The subject of the film is couplehood, compromise, and power. The film’s very definition of love is what you can bear to be with someone; and its vision of equality in a relationship is a succession of imbalances that ultimately even out. It’s got a Hawksian symbolic castration like the one in “The Big Sky” (one of the great Westerns, not on DVD), a slapstick-style smearing that brings to mind I don’t even want to say (but you get the idea), and surprising gender ambiguities and reversals. It’s also got a fascinating day/night dynamic (the man is a chef and the woman is a student—he works nights, she doesn’t) that calls to mind another tension, between entertainment people and office people (and the movie makes some surprising suggestions regarding how to resolve it). It’s also about secrets and lies—though Segel offers a sort of prefeminist, garlicky wisdom, in the vein of Apatow’s, regarding the mysterious and irrational bond of spontaneous intimacy that a lasting love is based on. And he doubles it with a modern, equitable ethic of honesty and psychological, rational reconciliation. Which is a long way of saying briefly that “The Five-Year Engagement” is an exemplary modern romantic comedy, personal and symbolic, goofy and substantial, tightly imagined yet loosely strung, wise in bewilderment.
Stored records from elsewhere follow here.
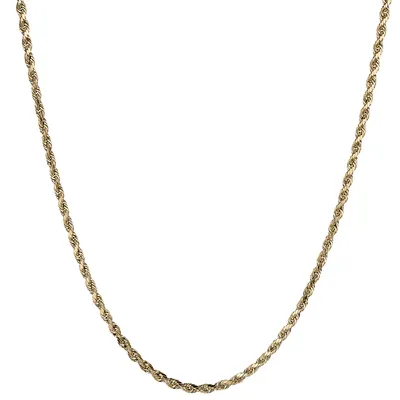 24" Rope Chain, 10kt Yellow Gold.................NOW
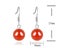 S925 Sterling Silver Earrings With Red Onyx Ball / Hoop Earrings Carousel 3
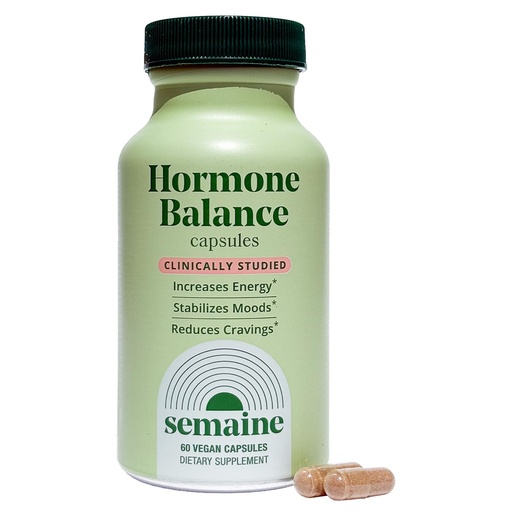 [BRSRMHAPOUMWKC3K] Semaine Hormone Balance – Clearer Skin, Enhanced Moods, Deeper Sleep & Happier Hormones. Hormone-Free, Vegan Capsule, Multi-Symptom Support (60 ct)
It opens today and it really should be seen (what’s more, Segel’s chemistry with Emily Blunt has the ring of a pure metal).
Then there’s Richard Linklater’s “Bernie,” which I wrote about here yesterday, and where the wrinkled skin of Shirley MacLaine and the attention to dead flesh of the title character, a funeral director, give the action and the story (two different things) a resonant carnal substrate.”